今回は、「お手数をおかけしました」という言葉の意味や正しい使い方、言い換え方や実際の例文などを詳しく紹介いたします。
「お手数をおかけしました」の意味とは?
まず、「手数」には二つの意味があります。一つ目は、面倒くさいこと事や煩わしい事を他人に解決してもらうための手間の事です。二つ目は、将棋やボクシングなど相手を負かすため似繰り出す技の数の事を表しています。
今回焦点を当てて紹介している「お手数をおかけしました」は、相手に対しての感謝と労いの言葉ですので、一つ目の意味になるでしょう。
また、「かける」という言葉には、相手に対して努力や苦労を負担させるという意味があります。この「手数」と「かける」を合わせて感謝と労いの言い回しにしたのが「お手数をおかしました」という言葉です。

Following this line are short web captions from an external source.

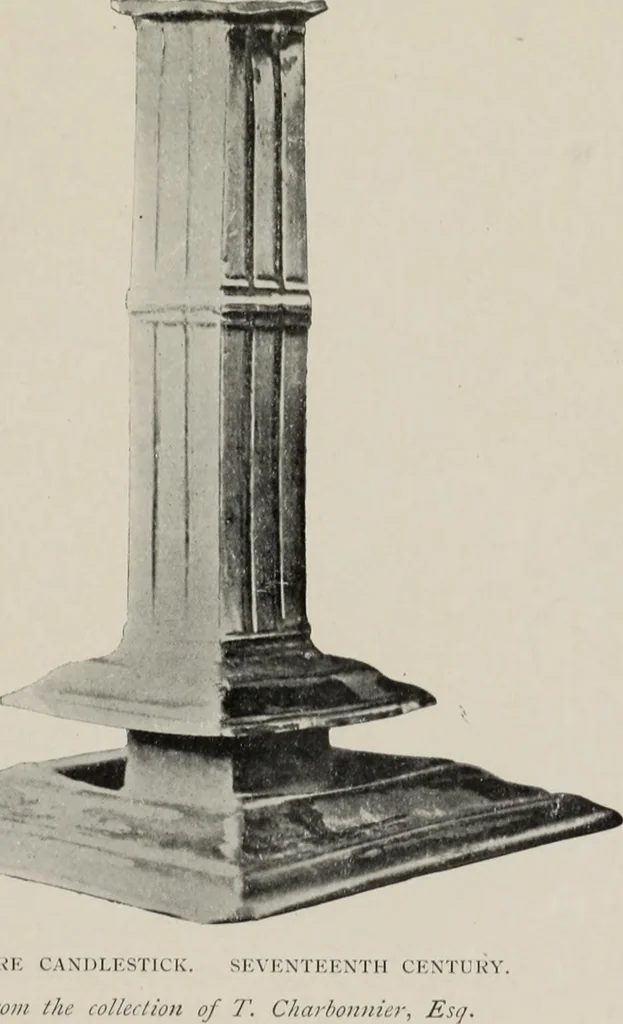 An illustration from Chats on old pewter, 1911, leaf 188
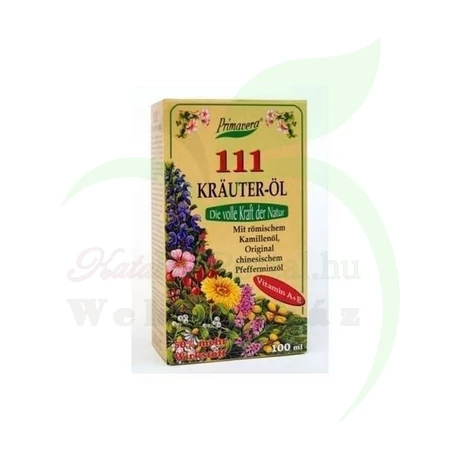 PRIMAVERA 111 GYÓGYNÖVÉNYOLAJ
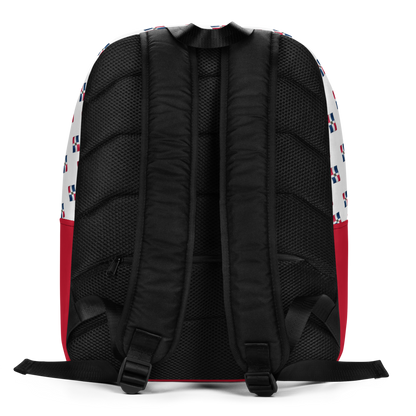 All-Over Emoji República Dominicana Flag Minimalist Backpack  - 2020 - DominicanGirlfriend.com - Frases Dominicanas - República Dominicana Lifestyle Graphic T-Shirts Streetwear & Accessories - New York - Bronx - Washington Heights - Miami - Florida - Boca Chica - USA - Dominican Clothing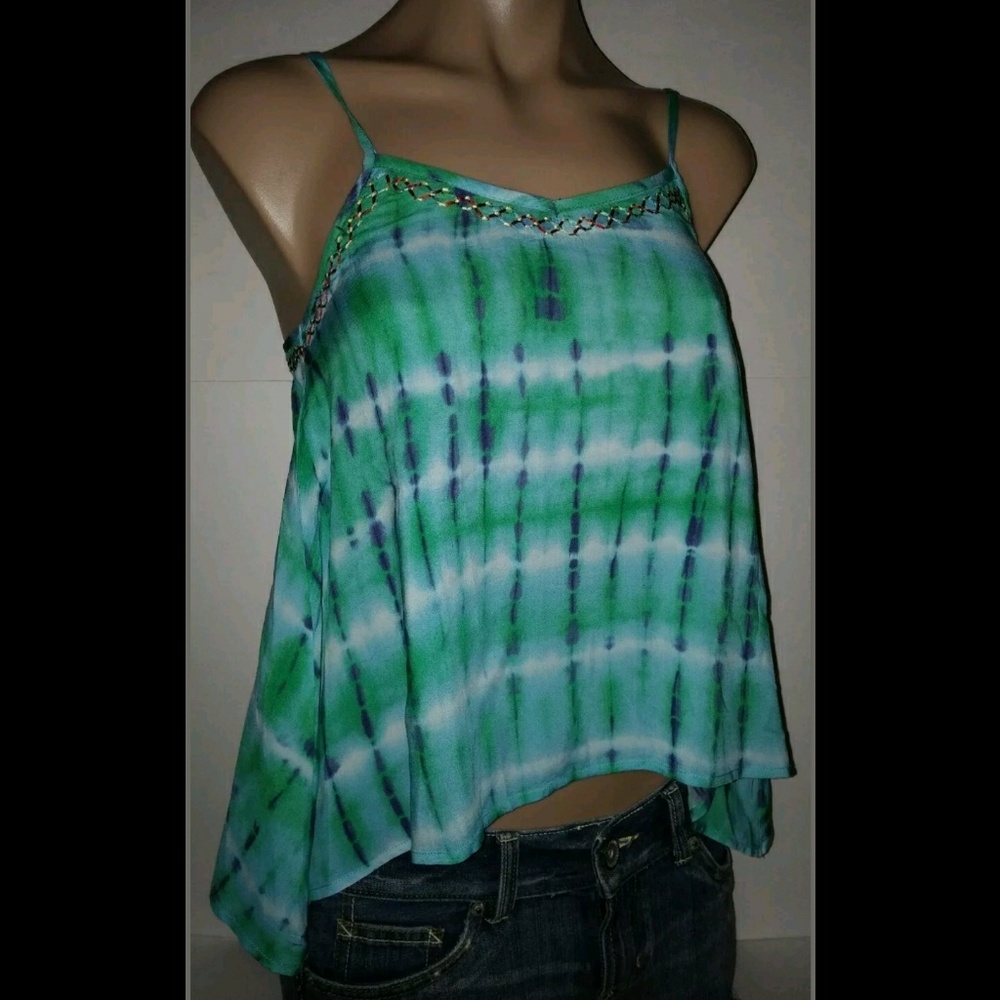CLOUDCHASER CLOUD CHASER TURQUOISE TIE DYE TANK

つまり、相手が自分のために努力や苦労をして、何かを成し遂げてくれた時にかける言葉と言えるでしょう。
「お手数をおかけしました」の正しい読み方とは?
上記で説明したように「手数」には二つの意味があります。一つ目の相手に対しての感謝とねぎらいの意味として使う場合には「てすう」と読む事が多いでしょう。二つ目の将棋やボクシングの技の数の意味として使う場合には「てかず」と読みます。
実際に、感謝と労いの言葉として「お手数をおかけしました」と使う場合は、「おてすうおかけしました」と読む事が多いでしょう。しかし、「手数」という熟語の漢字を両方とも訓読みしている「てかず」が本来の読み方で、意味も二つ目の勝負事に勝つための技の数が本来の「手数」の由来ですので、「てかず」と読んでも間違いではありません。
昨今では、本来の「手数」の正しい読み方ではない「てすう」も「手数料」などで公の読み方として使用されているため、どちらの読み方で読んでも間違いではないでしょう。
「お手数をおかけしました」の敬語とは?
まず、「おかけしました」という言葉を分解して解説すると「かける」に「お○○した」という謙譲語と「ました」という丁寧語を加えた文章になっていますので、公の場でも使える正しい敬語表現と言えるでしょう。また、この文章をより丁寧なものに構成すると「お手数をおかけいたしました」になります。
その後に続く言葉や意味によっても変化するので、状況に応じて使い分ける事が大切です。
「お手数をおかけしました」と「お手数おかけしました」どちらが正しいのか?
この二つの言葉の違いは、「を」の有無のみで、意味は同じです。そして、日常的に使用する言葉としても、どちらも間違いではありません。しかし、文章の構成と正しい敬語表現という観点からは「お手数をおかけしました」が正しいと言えるので、こちらを使う方が無難でしょう。
「お手数をおかけしました」の例文
「お手数をおかけする」という表現は、語尾の文章によって、過去のものでも未来のものでも、相手の迷惑や苦労を労う事ができます。
「お手数をおかけします」と表現すると、自分が今頼んだ事で、これから苦労を強いられてしまうという配慮になります。また、「お手数をおかけしました」と表現すると、過去に自分が頼んだことで、さぞ苦労しただろうという配慮になります。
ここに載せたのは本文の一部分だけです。